Here, \(N_{i,p}\) are the Bernstein polynomials discussed above. \(\omega_i\) is a so-called weight. \(\omega_i\) is greater than zero and provides a measure to scale the influence of a certain control point. If the weight tends to zero, the control point is technically excluded from the spline computation. If the weight becomes large, the spline moves very close to the respective control point. If all weights are equal, one retrieves a the Bézier spline (the weights cancel and the denominator than becomes zero due to the partition of unity property.

B-splines

Just like the Bézier basis functions, B-spline basis functions are polynomials. The key difference is that they are non-zero in only a portion of the parameter space. In other words, the basis functions have local support and this is what, in contrast to Bézier splines, gives us local control over the spline. In order to indicate where the support of each basis function begins and ends, we define a series of break points. These break points are called knots. The collection of knots forms the knot vector \(u\):

\[u=[u_{1}=0,u_{2},\dots,u_{n}=1]\qquad \underbrace{0\le u\le 1}\_{\text{ parameter space}} .\]

The entries of the knot vector form a non-decreasing sequence: \(u_{i}\le u_{i+1}\). It is however possible to repeat knot values. The interval \([u_{i},u_{i+1}]\) is called the \(i\)-th knot span. The length (meaning number of entries) of the knot vector, \(m\), is fixed as

\[ \begin{align}\begin{aligned}&m=n+p+1\\&n:\text{ number of basis functions/CPs}\\&p:\text{ degree} \nonumber\end{aligned}\end{align} \]

An example of a knot vector could be:

\[u=[0, 0, 0.5, 1, 1] .\]

It has a length of \(m=5\) and contains four knot spans. The first knot span is \([0,0]\) with a length of \(0\), the second knot span is \([0,0.5]\) with a length of \(0.5\), etc..

There are different types of knot vectors:

• open \(\leftrightarrow\) periodic

In an open knot vector, the first and last value appears \(p+1\) times. A knot vector is called periodic, if it is not open. \(u=[0,0,0,0.5,1,1,1]\) is an open knot vector if \(p=2\).

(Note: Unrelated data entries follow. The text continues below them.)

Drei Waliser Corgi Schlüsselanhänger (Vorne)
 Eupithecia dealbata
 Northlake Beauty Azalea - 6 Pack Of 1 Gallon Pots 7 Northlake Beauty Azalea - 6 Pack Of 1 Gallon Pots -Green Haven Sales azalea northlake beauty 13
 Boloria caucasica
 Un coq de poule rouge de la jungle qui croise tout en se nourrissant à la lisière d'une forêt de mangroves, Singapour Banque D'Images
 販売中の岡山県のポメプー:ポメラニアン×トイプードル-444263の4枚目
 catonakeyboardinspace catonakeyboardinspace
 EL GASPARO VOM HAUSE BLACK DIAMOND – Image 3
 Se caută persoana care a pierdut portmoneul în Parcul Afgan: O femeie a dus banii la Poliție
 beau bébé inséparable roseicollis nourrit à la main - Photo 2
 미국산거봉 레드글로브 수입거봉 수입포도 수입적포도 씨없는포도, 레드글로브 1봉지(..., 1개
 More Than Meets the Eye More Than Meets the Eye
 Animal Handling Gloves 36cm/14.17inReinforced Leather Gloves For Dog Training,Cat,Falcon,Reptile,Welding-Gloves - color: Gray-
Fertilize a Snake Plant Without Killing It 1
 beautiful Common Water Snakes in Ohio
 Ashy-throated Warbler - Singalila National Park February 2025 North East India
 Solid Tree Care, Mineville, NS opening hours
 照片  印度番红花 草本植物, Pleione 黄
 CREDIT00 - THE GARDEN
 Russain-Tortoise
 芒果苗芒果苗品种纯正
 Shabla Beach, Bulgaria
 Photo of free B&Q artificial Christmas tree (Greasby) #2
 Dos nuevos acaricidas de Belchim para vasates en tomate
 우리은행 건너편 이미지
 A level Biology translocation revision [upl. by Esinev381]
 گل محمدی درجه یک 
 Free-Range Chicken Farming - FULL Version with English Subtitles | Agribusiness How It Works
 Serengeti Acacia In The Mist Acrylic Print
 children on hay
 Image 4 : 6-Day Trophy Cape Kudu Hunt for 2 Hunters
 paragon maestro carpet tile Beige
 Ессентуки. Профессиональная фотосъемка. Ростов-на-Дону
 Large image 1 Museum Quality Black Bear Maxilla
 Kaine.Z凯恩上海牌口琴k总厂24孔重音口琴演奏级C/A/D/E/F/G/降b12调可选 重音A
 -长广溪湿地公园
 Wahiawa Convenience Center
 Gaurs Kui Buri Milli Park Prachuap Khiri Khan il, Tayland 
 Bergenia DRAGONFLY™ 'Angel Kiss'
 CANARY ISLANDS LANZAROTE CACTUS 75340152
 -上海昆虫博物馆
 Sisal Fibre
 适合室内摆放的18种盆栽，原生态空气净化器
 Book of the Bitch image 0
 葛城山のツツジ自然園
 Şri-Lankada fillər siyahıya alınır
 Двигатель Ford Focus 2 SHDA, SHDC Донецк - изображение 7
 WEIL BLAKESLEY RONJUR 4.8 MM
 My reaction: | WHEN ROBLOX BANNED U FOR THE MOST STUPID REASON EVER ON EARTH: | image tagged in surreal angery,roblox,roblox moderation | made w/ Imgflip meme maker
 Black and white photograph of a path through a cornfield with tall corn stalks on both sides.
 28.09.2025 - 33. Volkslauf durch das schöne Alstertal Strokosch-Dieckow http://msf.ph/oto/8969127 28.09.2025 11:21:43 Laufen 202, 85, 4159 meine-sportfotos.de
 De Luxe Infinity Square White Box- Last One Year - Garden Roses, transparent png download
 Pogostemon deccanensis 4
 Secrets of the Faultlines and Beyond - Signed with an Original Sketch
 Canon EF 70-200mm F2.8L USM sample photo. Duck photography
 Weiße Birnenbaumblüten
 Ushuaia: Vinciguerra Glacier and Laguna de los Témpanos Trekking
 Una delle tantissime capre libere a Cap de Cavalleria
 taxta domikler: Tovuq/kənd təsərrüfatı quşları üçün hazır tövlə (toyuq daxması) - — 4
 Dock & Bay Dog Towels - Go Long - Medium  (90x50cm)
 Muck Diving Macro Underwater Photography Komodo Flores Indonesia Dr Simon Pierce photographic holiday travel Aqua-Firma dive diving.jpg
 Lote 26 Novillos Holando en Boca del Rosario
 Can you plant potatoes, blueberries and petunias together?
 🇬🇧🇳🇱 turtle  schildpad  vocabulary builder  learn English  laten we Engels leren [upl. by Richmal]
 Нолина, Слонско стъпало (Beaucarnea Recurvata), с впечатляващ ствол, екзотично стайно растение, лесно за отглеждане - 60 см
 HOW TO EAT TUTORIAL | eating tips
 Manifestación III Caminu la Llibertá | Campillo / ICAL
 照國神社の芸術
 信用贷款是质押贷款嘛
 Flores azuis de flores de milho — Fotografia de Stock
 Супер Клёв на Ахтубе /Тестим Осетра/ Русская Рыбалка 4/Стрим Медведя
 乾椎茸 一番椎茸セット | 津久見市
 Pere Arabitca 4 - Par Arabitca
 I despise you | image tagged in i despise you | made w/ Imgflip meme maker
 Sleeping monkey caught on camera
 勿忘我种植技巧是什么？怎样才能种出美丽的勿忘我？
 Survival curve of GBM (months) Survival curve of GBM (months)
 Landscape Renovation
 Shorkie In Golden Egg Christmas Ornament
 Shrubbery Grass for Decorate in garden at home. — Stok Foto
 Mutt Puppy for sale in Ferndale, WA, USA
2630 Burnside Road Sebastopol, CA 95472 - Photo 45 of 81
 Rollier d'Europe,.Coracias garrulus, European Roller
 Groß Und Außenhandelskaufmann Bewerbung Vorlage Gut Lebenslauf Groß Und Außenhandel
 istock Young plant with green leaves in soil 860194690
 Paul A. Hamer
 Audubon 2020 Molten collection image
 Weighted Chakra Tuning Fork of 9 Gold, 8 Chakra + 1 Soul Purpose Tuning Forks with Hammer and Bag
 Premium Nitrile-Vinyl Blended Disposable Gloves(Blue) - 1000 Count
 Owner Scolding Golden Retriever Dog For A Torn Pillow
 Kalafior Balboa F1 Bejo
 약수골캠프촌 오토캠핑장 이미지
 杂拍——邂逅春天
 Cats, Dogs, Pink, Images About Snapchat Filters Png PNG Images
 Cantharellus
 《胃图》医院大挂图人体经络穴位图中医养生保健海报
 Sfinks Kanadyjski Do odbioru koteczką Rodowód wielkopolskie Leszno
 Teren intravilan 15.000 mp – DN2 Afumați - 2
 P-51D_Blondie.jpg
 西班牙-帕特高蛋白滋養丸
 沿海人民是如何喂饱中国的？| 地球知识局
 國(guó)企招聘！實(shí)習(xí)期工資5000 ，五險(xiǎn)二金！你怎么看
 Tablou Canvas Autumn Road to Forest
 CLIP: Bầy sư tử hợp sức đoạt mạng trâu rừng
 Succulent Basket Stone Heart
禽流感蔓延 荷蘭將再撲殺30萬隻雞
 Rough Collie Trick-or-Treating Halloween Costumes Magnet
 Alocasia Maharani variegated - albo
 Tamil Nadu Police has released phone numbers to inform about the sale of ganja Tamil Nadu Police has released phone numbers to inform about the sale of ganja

• uniform \(\leftrightarrow\) non-uniform In a uniform knot vector, the knots are equally spaced in the parameter space, e.g., \(u=[0,0.2,0.4,0.6,0.8,1]\). A knot vector is called non-uniform, if this condition is not fulfilled. An exception to this rule are repeated knot values in the beginning or end of the knot vector, e.g., \([0,0,0,0.5,1,1,1]\). This knot vector is then still called uniform, if all middle knots are equally spaced.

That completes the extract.